Required action: Skip the pictures, and retype the data below in full, exactly.

Information shown:
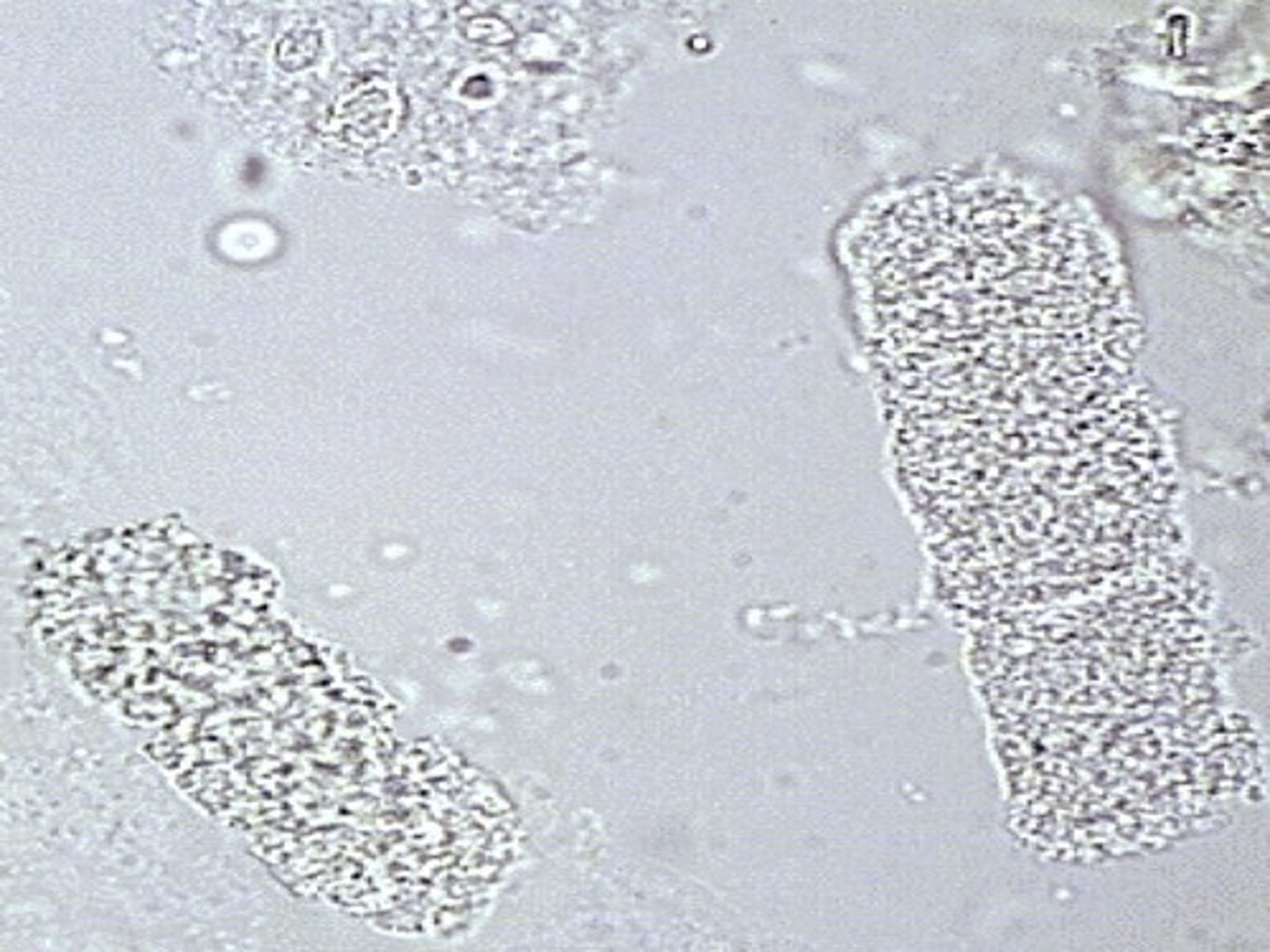 <p>Granular Cast</p><p>-From disintegration of cellular casts.</p>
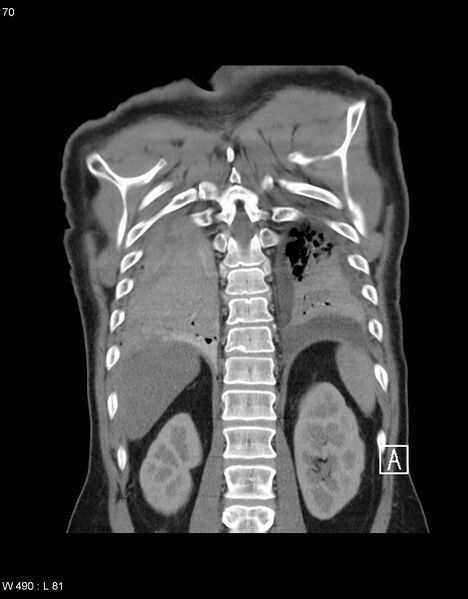 File:Boerhaave syndrome with tension pneumothorax (Radiopaedia 56794-63605 B 30).jpg
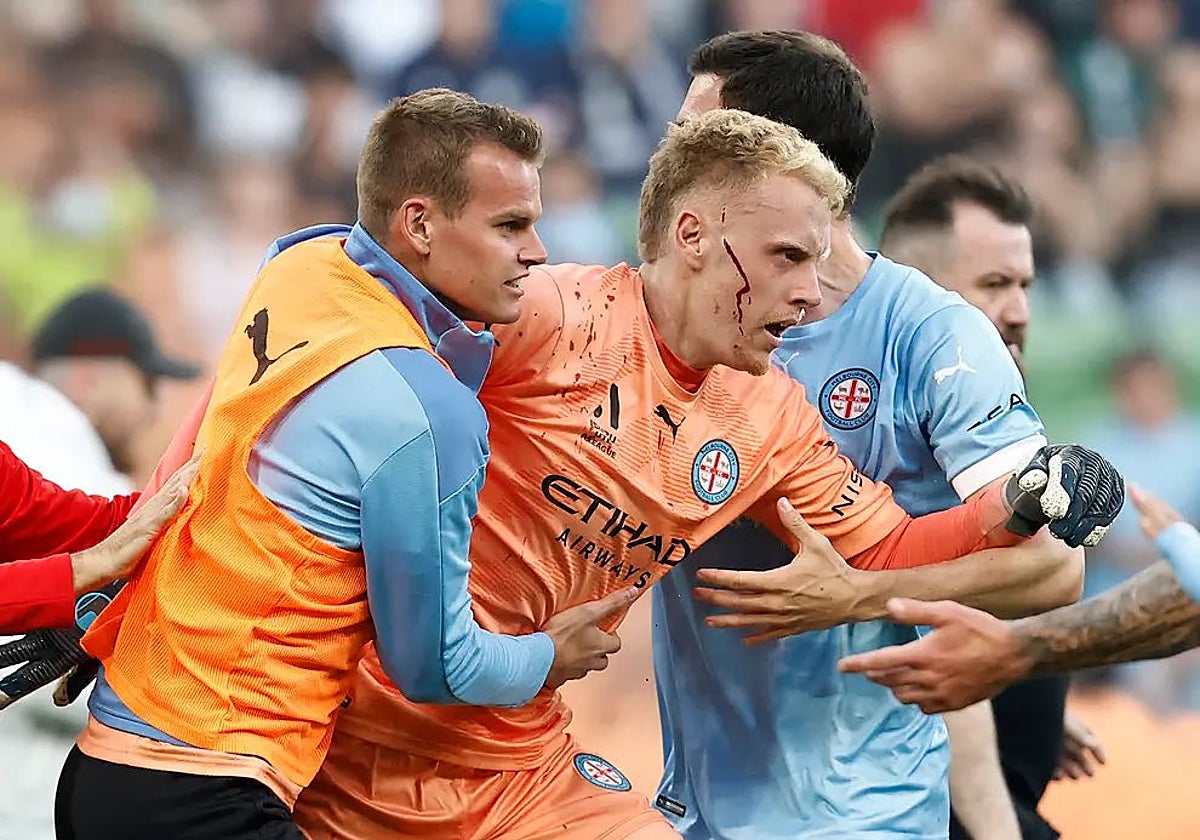 Tom Glover, con heridas en la cara, abandona el campo ayudado por sus compañeros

Written answer:
 <p>Granular Cast</p><p>-From disintegration of cellular casts.</p>
 File:Boerhaave syndrome with tension pneumothorax (Radiopaedia 56794-63605 B 30).jpg
 Tom Glover, con heridas en la cara, abandona el campo ayudado por sus compañeros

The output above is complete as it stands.